Que faut-il donc entendre par en commençant par les derniers ! Le texte ne dit-il pas que les ouvriers vont recevoir leur salaire ? Aussi bien, d'après un autre passage de l'évangile, le Seigneur dira à ceux qu'il placera à sa droite : Venez, les bénis de mon Père, recevez en héritage le royaume préparé pour vous depuis la création du monde (Mt 25,34). Tous ensemble, ils doivent donc attendre pour recevoir leur salaire. Cela étant, comment comprendre que les ouvriers engagés à la onzième heure sont payés en premier lieu, tandis que ceux de la première heure le sont en dernier lieu ? Je remercierai Dieu si j'arrive à vous le faire comprendre. Quant à vous, vous devez remercier Celui qui se sert de nous pour vous prodiguer ses largesses; en effet, ce que nous vous donnons ne vient pas de nous.


Voici par exemple un homme qui a reçu son salaire après une heure, et un autre après douze heures de travail. Si l'on demande lequel des deux l'a reçu le premier, tout le monde répondra : "Celui qui l'a reçu après une heure de travail l'a eu avant celui qui l'a reçu après douze heures de travail." C'est ce qui se passe dans la parabole : tous les ouvriers ont reçu leur salaire à la même heure, mais les uns après une heure, et les autres après douze heures de travail. Aussi peut-on dire que ceux qui l'ont reçu après un temps plus court, ont été payés les premiers.


Les justes venus au monde en premier, comme Abel et Noé, ont été, pour ainsi dire, appelés à la première heure, et ils obtiendront le bonheur de la résurrection en même temps que nous. D'autres justes, venus après eux, Abraham, Isaac, Jacob et tous ceux qui vivaient à leur époque ont été appelés à la troisième heure, et ils obtiendront le bonheur de la résurrection en même temps que nous. Il en ira de même pour ces autres justes, Moïse, Aaron et tous ceux qui furent appelés avec eux à la sixième heure; puis les suivants, les saints prophètes, appelés à la neuvième heure, goûteront le même bonheur que nous.

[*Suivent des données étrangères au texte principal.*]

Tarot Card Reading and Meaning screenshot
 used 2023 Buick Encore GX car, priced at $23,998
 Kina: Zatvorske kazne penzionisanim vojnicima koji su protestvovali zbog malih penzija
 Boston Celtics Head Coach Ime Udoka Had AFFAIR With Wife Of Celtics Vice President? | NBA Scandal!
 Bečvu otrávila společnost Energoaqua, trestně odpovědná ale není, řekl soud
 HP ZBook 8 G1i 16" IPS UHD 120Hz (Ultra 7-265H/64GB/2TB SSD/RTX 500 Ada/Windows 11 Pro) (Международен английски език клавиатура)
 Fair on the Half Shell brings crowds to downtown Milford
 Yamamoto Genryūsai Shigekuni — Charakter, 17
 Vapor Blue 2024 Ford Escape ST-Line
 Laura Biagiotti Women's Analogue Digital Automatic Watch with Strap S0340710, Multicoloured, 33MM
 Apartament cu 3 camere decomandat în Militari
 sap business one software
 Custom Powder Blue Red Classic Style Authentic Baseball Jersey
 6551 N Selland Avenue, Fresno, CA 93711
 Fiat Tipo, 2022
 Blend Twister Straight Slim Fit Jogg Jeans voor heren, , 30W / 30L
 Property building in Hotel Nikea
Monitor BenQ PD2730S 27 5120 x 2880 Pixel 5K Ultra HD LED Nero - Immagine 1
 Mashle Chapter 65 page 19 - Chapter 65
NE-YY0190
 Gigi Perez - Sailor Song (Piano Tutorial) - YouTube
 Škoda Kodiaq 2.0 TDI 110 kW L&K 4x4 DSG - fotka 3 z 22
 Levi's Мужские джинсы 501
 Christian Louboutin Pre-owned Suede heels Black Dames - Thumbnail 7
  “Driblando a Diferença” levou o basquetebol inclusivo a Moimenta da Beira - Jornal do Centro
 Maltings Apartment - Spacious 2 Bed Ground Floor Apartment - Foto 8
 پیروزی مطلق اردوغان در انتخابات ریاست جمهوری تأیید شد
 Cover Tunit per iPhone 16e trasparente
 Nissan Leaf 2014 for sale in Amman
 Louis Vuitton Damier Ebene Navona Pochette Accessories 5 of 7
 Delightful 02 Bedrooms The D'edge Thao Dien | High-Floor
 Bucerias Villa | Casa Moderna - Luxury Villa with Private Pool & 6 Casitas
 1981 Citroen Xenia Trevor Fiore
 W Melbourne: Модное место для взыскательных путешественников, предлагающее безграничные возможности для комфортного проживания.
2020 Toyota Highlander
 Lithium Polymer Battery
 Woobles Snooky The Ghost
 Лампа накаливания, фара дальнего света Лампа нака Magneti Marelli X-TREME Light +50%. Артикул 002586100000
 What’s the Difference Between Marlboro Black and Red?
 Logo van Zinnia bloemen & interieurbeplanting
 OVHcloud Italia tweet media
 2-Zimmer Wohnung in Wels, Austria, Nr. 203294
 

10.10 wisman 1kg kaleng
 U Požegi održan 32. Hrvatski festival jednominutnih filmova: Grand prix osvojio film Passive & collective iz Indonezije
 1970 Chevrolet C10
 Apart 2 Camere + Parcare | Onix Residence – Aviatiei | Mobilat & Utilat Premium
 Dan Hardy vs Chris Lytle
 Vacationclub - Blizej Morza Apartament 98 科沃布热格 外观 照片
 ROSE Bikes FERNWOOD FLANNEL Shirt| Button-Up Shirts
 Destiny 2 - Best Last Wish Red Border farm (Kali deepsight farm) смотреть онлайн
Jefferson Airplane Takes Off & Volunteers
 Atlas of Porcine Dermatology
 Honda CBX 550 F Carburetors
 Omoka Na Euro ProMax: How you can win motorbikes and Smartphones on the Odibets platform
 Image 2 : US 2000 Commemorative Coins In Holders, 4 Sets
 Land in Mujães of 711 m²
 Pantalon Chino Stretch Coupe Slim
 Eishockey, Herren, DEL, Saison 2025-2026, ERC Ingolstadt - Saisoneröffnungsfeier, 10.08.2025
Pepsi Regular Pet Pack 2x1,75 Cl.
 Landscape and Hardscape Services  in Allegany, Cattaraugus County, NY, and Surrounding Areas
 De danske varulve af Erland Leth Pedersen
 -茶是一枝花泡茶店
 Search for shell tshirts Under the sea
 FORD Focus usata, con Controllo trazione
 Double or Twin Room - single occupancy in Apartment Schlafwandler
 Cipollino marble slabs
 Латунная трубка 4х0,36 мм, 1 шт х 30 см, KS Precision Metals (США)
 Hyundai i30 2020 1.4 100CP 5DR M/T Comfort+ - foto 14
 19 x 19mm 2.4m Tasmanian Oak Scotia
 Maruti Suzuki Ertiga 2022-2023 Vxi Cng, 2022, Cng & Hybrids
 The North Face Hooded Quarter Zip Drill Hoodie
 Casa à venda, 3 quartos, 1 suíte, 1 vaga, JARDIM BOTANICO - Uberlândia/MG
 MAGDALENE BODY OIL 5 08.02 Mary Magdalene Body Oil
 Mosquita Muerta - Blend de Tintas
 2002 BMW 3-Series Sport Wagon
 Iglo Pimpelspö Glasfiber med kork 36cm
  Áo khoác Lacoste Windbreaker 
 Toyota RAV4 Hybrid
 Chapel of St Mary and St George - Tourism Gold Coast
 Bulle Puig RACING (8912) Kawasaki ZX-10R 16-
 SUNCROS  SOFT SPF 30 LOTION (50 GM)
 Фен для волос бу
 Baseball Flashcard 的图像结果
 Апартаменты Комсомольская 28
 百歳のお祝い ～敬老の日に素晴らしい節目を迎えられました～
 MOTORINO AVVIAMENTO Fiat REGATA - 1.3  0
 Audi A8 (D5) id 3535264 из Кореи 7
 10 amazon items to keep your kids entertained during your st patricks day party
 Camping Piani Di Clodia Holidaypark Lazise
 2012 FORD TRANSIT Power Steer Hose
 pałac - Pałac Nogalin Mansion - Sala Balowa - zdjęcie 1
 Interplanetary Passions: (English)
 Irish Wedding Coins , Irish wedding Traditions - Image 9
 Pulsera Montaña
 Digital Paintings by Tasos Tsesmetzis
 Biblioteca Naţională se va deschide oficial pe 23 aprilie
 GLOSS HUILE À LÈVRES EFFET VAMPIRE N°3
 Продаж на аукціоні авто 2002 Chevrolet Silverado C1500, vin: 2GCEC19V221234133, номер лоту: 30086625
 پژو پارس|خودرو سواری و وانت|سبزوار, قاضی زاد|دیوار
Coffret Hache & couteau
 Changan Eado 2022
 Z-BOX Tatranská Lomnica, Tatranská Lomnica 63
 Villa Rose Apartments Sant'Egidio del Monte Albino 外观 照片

Tous les chrétiens sont, pour ainsi dire, appelés à la onzième heure ; ils obtiendront, à la fin du monde, le bonheur de la résurrection avec ceux qui les ont précédés. Tous le recevront ensemble. Voyez pourtant combien de temps les premiers attendront avant d'y parvenir. Ainsi, ils obtiendront ce bonheur après une longue période, et nous, après peu de temps. Bien que nous devions le recevoir avec les autres, on peut dire que nous serons les premiers, puisque notre récompense ne se fera pas attendre.


Quand il s'agira de recevoir la récompense, nous serons tous à égalité, les premiers comme s'ils étaient les derniers, et les derniers comme s'ils étaient les premiers. Puisque aussi bien la pièce d'argent de la parabole est la vie éternelle, sa possession sera aussi la même pour tous. Néanmoins, en raison de la diversité des mérites, l'un resplendira plus, l'autre moins. Quant à la vie éternelle, elle sera la même pour tous, car ce qui est éternel ne durera ni plus longtemps pour l'un, ni moins longtemps pour l'autre; ce qui n'a pas de fin n'en aura ni pour moi ni pour toi. Alors, autre sera la splendeur de la chasteté conjugale, autre la gloire de la pureté virginale. Le fruit des bonnes oeuvres brillera de tel éclat, la couronne de la passion de tel autre, la gloire de l'un différera de celle de l'autre. Mais pour ce qui est de la vie éternelle, l'un ne vivra pas plus que l'autre, ni celui-ci plus que celui-là. En effet, chacun vivra également sans fin, tout en possédant sa propre gloire: car la pièce d'argent, c'est la vie éternelle !


Prière

Seigneur, tu es bon, et nous te regardons avec un oeil mauvais quand ta bonté sans mesure dépasse notre justice humaine. Élargis notre coeur aux dimensions de ton amour, toi qui donnes à ceux qui te servent la grâce inestimable du salut. Par Jésus Christ.